Records supplied:
■ ■ ■ ■ ■

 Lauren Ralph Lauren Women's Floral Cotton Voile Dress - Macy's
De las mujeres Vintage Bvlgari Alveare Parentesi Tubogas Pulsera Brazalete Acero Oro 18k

■ ■ ■ ■ ■

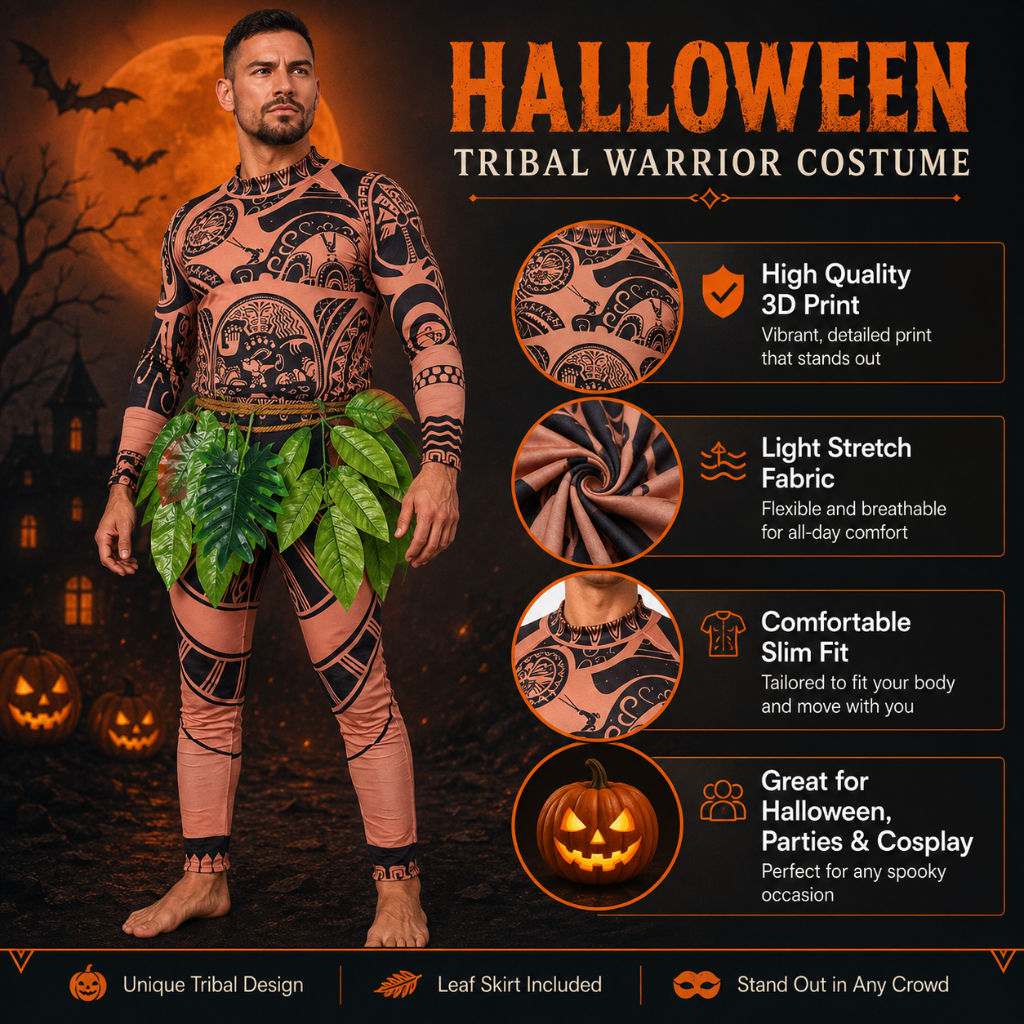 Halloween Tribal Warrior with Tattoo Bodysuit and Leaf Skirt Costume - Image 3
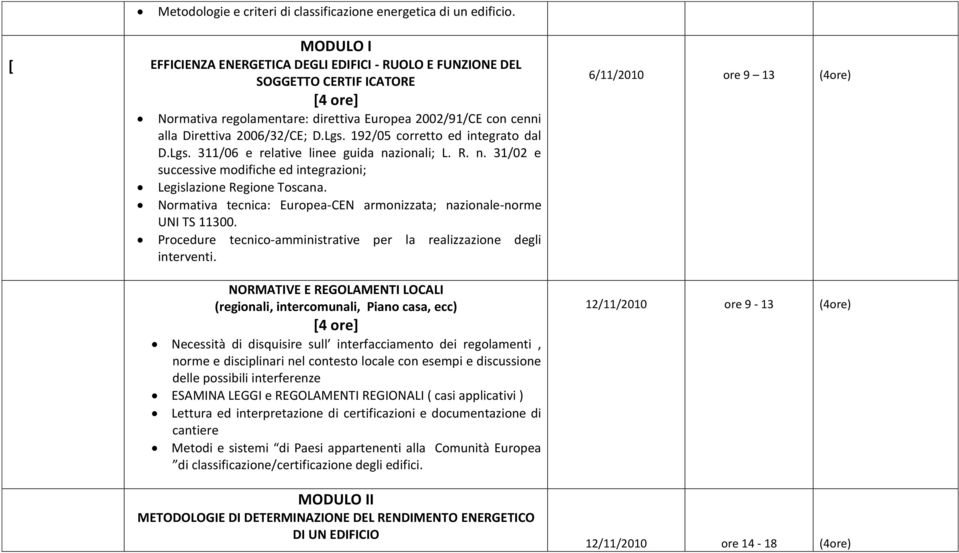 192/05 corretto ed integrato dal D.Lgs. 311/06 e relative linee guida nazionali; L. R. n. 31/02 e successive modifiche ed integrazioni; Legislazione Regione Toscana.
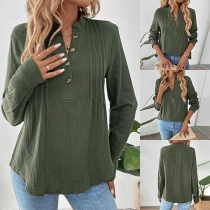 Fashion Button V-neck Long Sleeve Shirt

■ ■ ■ ■ ■

Task requirements:
Exact duplication is required for the lines above, from the line that contains "Lauren Ralph Lauren" to the line that contains "De las mujeres", inclusive; omit all others.

Result below:
 Lauren Ralph Lauren Women's Floral Cotton Voile Dress - Macy's
De las mujeres Vintage Bvlgari Alveare Parentesi Tubogas Pulsera Brazalete Acero Oro 18k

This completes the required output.